The Reverend Maurice W. Cobb, of West Newfield, Maine, died at the Southern Maine Medical Center on Thursday morning, Sept. 10, 2015. He was 97 years old.

Though he was born in Winchester, New Hampshire, Maurice was raised in Brattleboro, Vermont, by his parents Richard Cobb and Lelia Lampson Cobb. His lifelong love of rural living began as he worked every summer on his grandfather’s farm: making hay, hitching up the horses to go to town, and bringing the cows home in the afternoon. Cold water in a tin cup was always Maurice’s favorite drink.

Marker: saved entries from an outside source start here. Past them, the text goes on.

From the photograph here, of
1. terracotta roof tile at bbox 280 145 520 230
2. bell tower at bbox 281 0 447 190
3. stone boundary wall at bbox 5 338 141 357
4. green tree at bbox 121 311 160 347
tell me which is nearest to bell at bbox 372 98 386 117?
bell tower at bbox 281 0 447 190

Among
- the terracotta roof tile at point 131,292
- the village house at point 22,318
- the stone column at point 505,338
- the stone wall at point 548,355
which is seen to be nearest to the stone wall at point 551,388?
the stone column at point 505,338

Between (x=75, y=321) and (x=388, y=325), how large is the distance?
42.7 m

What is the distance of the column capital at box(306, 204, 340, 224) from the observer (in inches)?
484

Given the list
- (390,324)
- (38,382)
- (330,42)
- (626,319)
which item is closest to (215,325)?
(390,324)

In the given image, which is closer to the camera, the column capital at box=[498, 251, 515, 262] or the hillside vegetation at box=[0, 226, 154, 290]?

After high school, he left for the city to go to seminary at Crane Theological School, part of Tufts University. He was ordained into the Universalist ministry at the White Street Universalist Church in East Boston, Massachusetts, in 1943. His first churches were in the Clinton Circuit; Hopewell, Clinton and Red Hill, North Carolina.

Following that, Maurice studied philosophy at Chapel Hill, North Carolina, while he ministered to Derby Line, Vermont. He received a master of arts in philosophy from the University of North Carolina in 1953. Maurice was thinking of moving into an academic position, but Sputnik’s launch meant a transfer of national attention from the humanities to the technical sciences, and funding for philosophy students dried up. He continued his ministry in Ohio with churches in Attica and Bellville. Dolgeville and Salisbury Center, New York, were his next churches from 1957 to 1964.

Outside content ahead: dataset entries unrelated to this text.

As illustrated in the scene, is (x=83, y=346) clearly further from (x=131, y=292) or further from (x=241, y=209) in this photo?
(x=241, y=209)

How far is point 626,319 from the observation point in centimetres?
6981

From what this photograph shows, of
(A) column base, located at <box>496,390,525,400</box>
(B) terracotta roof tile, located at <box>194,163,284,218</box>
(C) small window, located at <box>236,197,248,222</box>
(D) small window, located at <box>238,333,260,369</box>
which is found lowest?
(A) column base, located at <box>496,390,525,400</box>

The move to Brunswick, Maine, in 1964 began a 12- year stay. He helped the congregation grow and diversify, reaching out into the community with the social action organizations that meant so much to him: a suicide prevention program, the Bath Brunswick food coop, an Amnesty International group. Often the head of the parade down Maine Street, he protested the wars and racial injustices of the era.

Leaving Brunswick in 1979, he went to New Bedford, Massachusetts, to be assistant minister and religious education director. Following this, he served the church in Billerica, Massachusetts, from which he retired in 1983 as Minister Emeritus.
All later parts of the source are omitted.